I LOVE a good conspiracy theory. Love them. The more mental and unlikely, the better. I watch Alex Jones launch into tirades suggesting that the latest false flag is proof that the Obama Super-Elite Machine Squad are coming for his guns, and they will look something oddly like Darth Vader’s Stormtroopers and here’s some footage from Star Wars OH NO HERE ARE STORMTROOPERS COMING FOR GUNS NOW like I imagine your average Football fan watches the F.A. Cup Final when their team are playing. Something akin to ‘GO ON, MY SON, GET THE PLUG FOR THE SPECIAL FOOD CLEANSING FILTERS INTO YOUR MONOLOGUE! YESSSSS!!!!! BACK OF THE NETWORK!!!’
I think this started after what I now refer to as ‘My FunnyBook Vietnam;: Six or seven years spent in the West End of London. If you’re selling comics there on a regular basis, you’re going to be confronted with any number of theories…expounded by the most delightfully colourful patrons you’ll ever be likely to meet. There are three options here. You can run, screaming with fear back home to the safety of your duvet, a nice cup of Hot Chocolate and Netflix, you can have your heart bleed open at each tragic case of disenfranchised insanity let loose on the streets of Soho armed only with a pound and a theory…
But in the end you’ll only end up hating them as you realise there isn’t very much you can do about it. You can’t put up everyone, you don’t have that much spare change or that many sandwiches. They will be a constant reminder that your ;shoulds’ are nothing with actions to back it up, and you’ll hate them for making you realise how helpless you are to change very much. And just how little has to happen before you could be in the same position in a matter of weeks.
Or, of course, you pick Option 3. Become a Connoisseur Of The Theories. You realise there is no real safety, no security. Everything changes and the only real good you can do is try to engage someone and listen to what they have to say. As a smoker, I’d be outside the shop and pick up all kinds of intriguing conversation on the world. My favourite, however, was Triangle Head. So named because he wore, and possibly may even still wear a gold triangle on his head. I have no idea if it just fits over his ears or if he glues it on every day, but the great thing about him is that he has a new reason for the triangle literally every time you see him.
If there’s a thing I’ve missed about the West End, besides Madame Jojo’s, it’s that healthy vein of lunacy, laced with equal parts comedy and tragedy. I suspected I’d never really see it’s like again.
Until Marvel announced on ‘The View’ earlier this year that we’d be seeing a new Thor this autumn. The twist, as we all know by now, is that the new Thor would be a woman.

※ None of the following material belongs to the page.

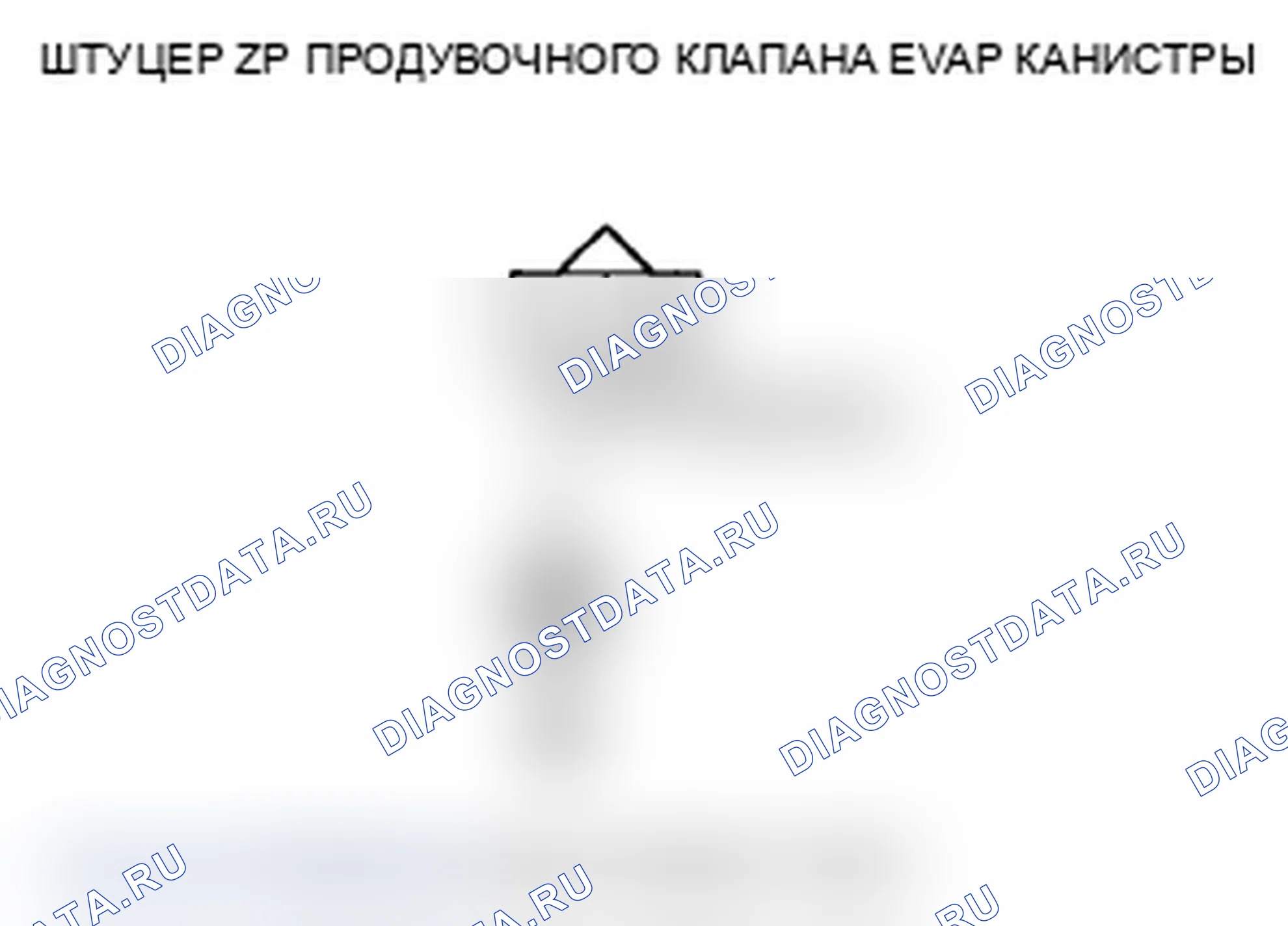 Рис. 26. Acura TL IV рестайлинг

I don’t know if there was something awkward in the phrasing or something, but my InBox was ablaze with variations of ‘OHMIGOSH, THOR IS….TRANSGENDER NOW? FOR REAL?’ IS THAT GOOD?I confess I do actually have days off from Comics News, and while I’m sure I probably get slightly more eclectic mail than many (Including all round good bloke and tremendous comics writer George Khoury messaging me out of the blue to say he was sending me a personalised print of Adam West for…some reason. That was amazing, but threw me a bit. Anyway, his history on Marvelman remains the best book on the Kimota saga, and is always worth picking up. Marvel really ought to reprint it.)
So, given the sheer volume of Transgender Thor questions I was getting, I looked this up. Okay. There’s going to be a new Thor. This Thor will be a woman. Seems reasonable. Use the brand name and it’s inherent automatic sales to try to reach out to a new and generally ignored audience: Women. Best case scenario, Thor sells the usual amounts and then picks up a pile of new female readers. Worst case: It tanks and we’re looking at ‘Thor: A Lass No More!’ (1 0f 8, 2 issues a week. $4:99) next year. Jack the brand name and subvert it with your evil agenda. No harm, no foul.
But if 2014 has taught me one thing, it’s that for every action, there is a mind fistingly stupid reaction to be found in the Comments Section. I had my fingers in front of my eyes when scouring The View’s news message board, but this one comment stunned even me with the astounding level of imagination, paranoia and speed of reaction time. It’s one of those things I wish I screen-grabbed for history, but either it was taken down or the original poster heard the world collectively laughing at him, so I’ll try as best as I can to recollect it from memory…..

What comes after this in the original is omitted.